So, if im right, lift really depends on AOA to current created by trust, NOT NECESSARILY the wing shape. So, wing shape merely helps out with this effect in slowing the airflow above the wing, it does not solely determine the effect. Lift can be changed to the reverse side of the wing with more manipulation from elevators/thrust thus creating the same exact effect.

Be careful here as the "sky side earth side" thing becomes exponentially more confusing as they converge.

So this is the same reason spad planes work well.

But the flat bottom wing does help increase the "lift" without A O A

Cool

The biggest point is to not let them converge.....

Its tough to say if a flat bottom wing flies with 0 angle of attack.. This may depend on where the balance point is.. But on a flat bottom wing, you are getting the majority of the lift from the shape of the wing, or it's camber.. this is why a flat bottom aircraft flies like c@@@ when it is upside down.. You need a tremendous amount of AoA in order to overcome the fact that the wing is now producing lift in the direction of terra firma..

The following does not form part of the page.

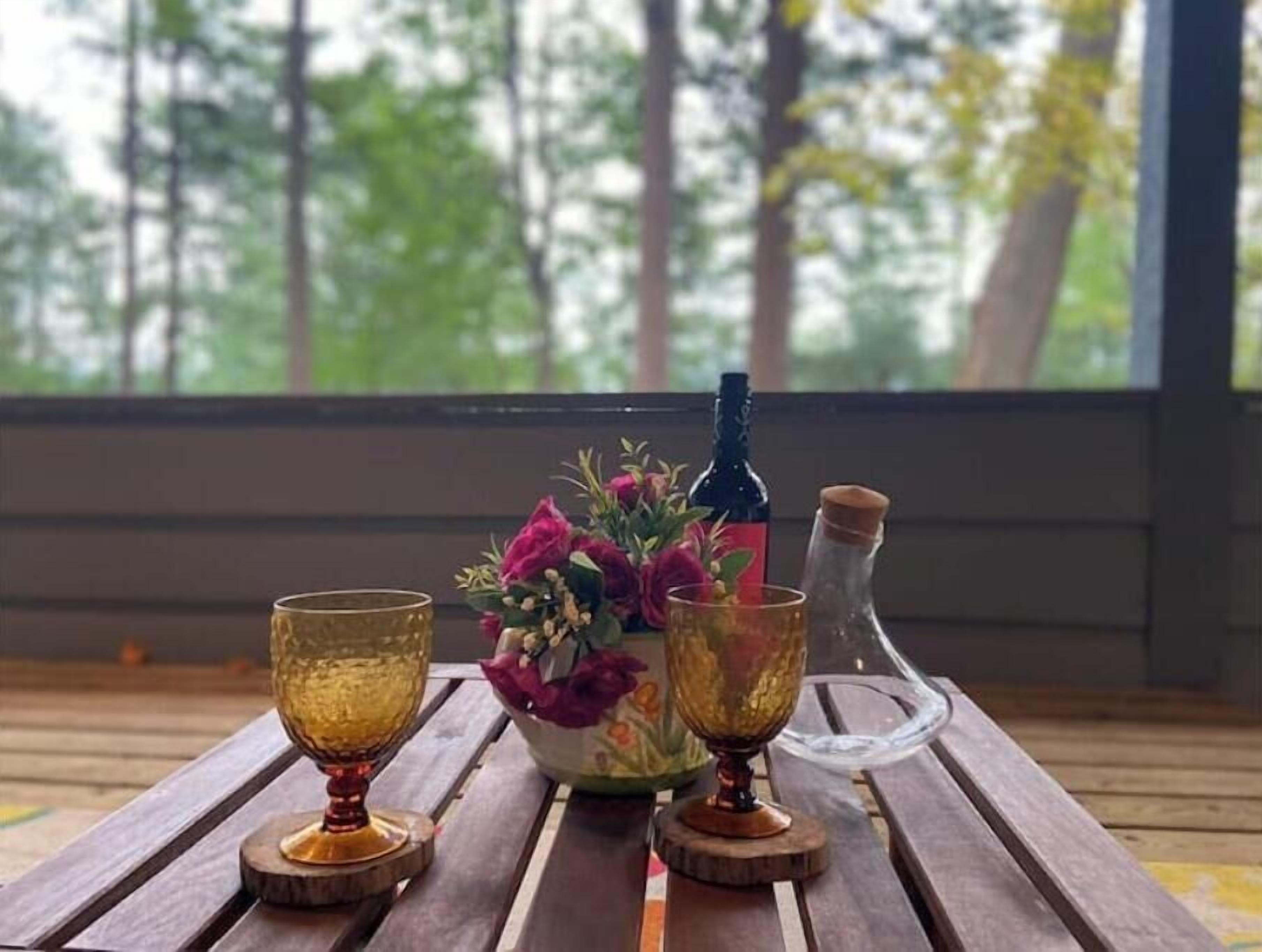 A wooden table with three glasses and a bottle on coasters, a vase with flowers, and a bottle of water on a porch with a view of trees.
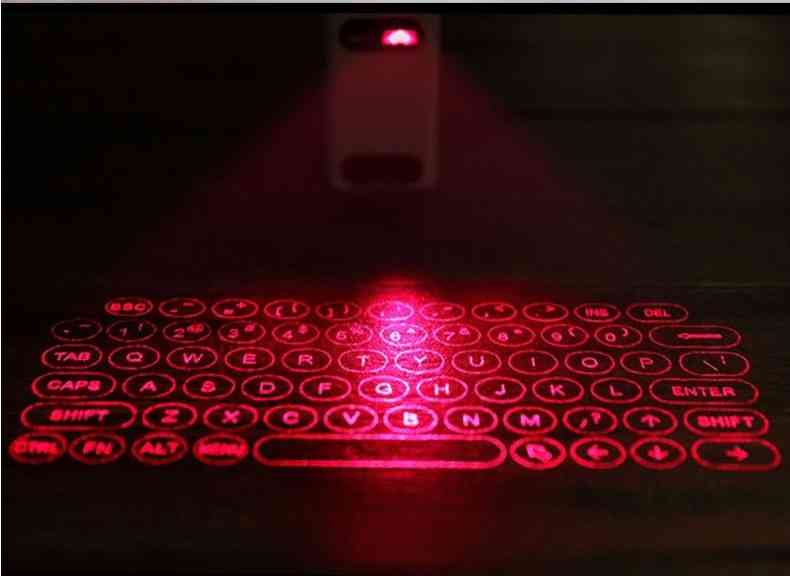 Close-up of the LEING FST Virtual Laser Keyboard Bluetooth Projector projecting a red laser keyboard on a dark surface.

The AOA for a symmetrical wing section can be very small. If you ever get a chance to see a CL stunt model flying then try to see what angle it flies at both upright or inverted. Better still, ask if you can come out to the centre to watch because then you'll be only about 60 to 70 feet away from it all the time and have the ground as a reference. You won't be able to see any angle because it's so small, something like 1 degree or less, but this tiny angle is enough to give 3 pounds or so of lift (the weight of the model). Admittedly an RC model weighs a lot more for the same size wing but even so the angle needed to give maybe 6 pounds of lift is still extremely small.

Not quite right again.
Wing shape can generate lift depending upon the shape. Flat bottoms with curved upper surfaces in level flight create lift with NO (or little) angle of attack. Adding AOA increases the amount of lift until you reach a point where you actually stall due to seperation of the laminar flow boundary layer over the top of the wing. Symetrical wings generate lift ONLY via AOA and eventually stall for the same reasons.
Lift is created in the flat bottom version NOT because the air over the upper surface moves slower but because it moves faster. The seperated (by the leading edge) air mass wants to rejoin at the trailing edge. Since it is a longer distance over the curved surface than over the flat surface the air much move faster. This increase in speed causes a slight reduction in air pressure upon the upper surface relative to the lower surface. So you can say the upper surface is being sucked up or the lower surface is being pushed up, That point is irrelevant.
It doesn't take thrust per se, not much thrust in most gliders. Gliders glide DOWN and while doing so generate lift by moving forward. The lift must exceed the a/c weight for the plane to fly. To move forward you need to exceed the amount of DRAG the a/c presents to the air.
A flat bottom wing flying inverted MUST have a higher AOA to maintain altitude.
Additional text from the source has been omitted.